Octavio Luiz Motta Ferraz

Health and Human Rights 11/2

Published December 2009

 

Le plus grand mal est déjà fait, quand on a des pauvres à défendre et des riches à contenir. C’est sur la médiocrité seule que s’exerce toute la force des lois; elles sont également impuissantes contre les trésors du riche et contre la misère du pauvre; le premier les élude, le second leur échappe; l’un brise la toile, et l’au­tre passe au travers. 

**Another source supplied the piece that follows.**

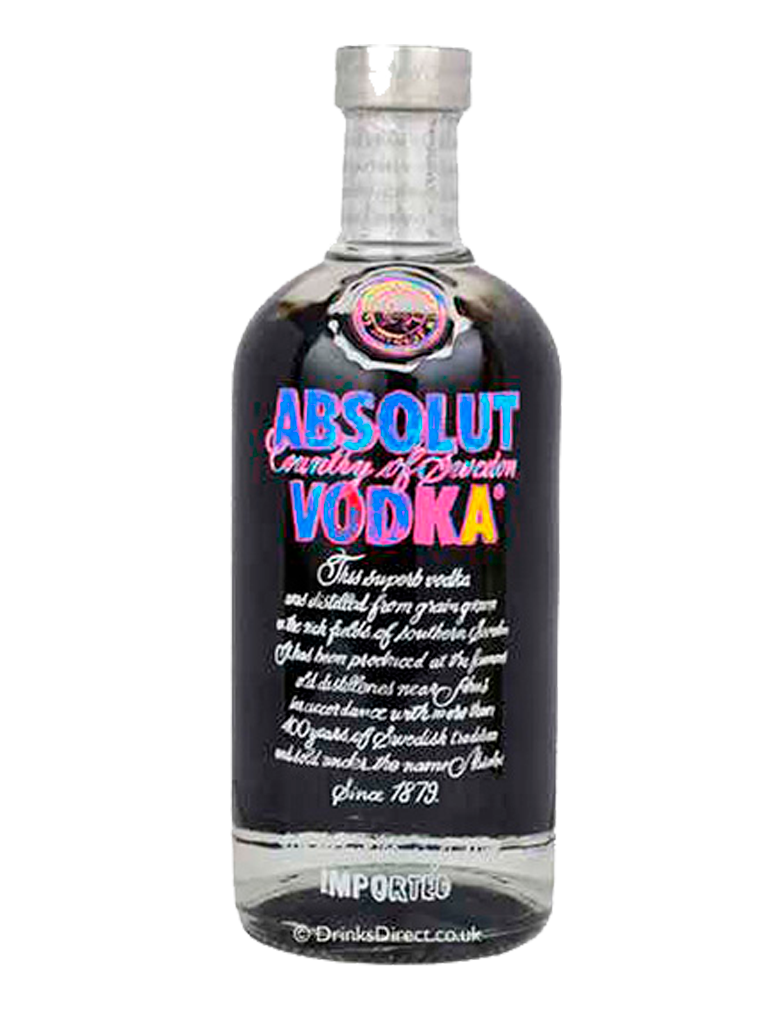 Absolut Andy Warhol Edition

­ —  Jean-Jacques Rousseau1

 

Courts are, at the end of the day, never an instrument of total societal revolution . . . never a substitute for direct political action.

­ —  Upendra Baxi2

Abstract

This article analyzes the recent and growing phenomenon of right-to-health litigation in Brazil from the perspective of health equity. It argues that the prevailing model of litigation is likely worsening the country’s already pronounced health inequities. The model is characterized by a prevalence of individualized claims demanding curative medical treatment (most often drugs) and by a high success rate for the litigant. Both elements are largely a consequence of the way Brazilian judges have interpreted the scope of the right to health recognized in Article 6 and Article 196 of the Brazilian constitution, that is, as an entitlement of individuals to the satisfaction of all their health needs with the most advanced treatment available, irrespective of its costs. Given that resources are always scarce in relation to the health needs of the population as a whole, this interpretation can only be sustained at the expense of universality, that is, so long as only a part of the population is granted this unlimited right at any given time. The individuals and (less often) groups who manage to access the judiciary and realize this right are therefore privileged over the rest of the population. This is potentially detrimental to health equity because the criterion for privileging litigants over the rest of the population is not based on any conception of need or justice but purely on their ability to access the judiciary, something that only a minority of citizens possess. This paper examines studies that are beginning to confirm that a majority of right-to-health litigants come from social groups that are already considerably advantaged in terms of all socioeconomic indicators, including health conditions. It is a plausible assumption that the model of right-to-health litigation currently prevalent in Brazil is likely worsening health inequities.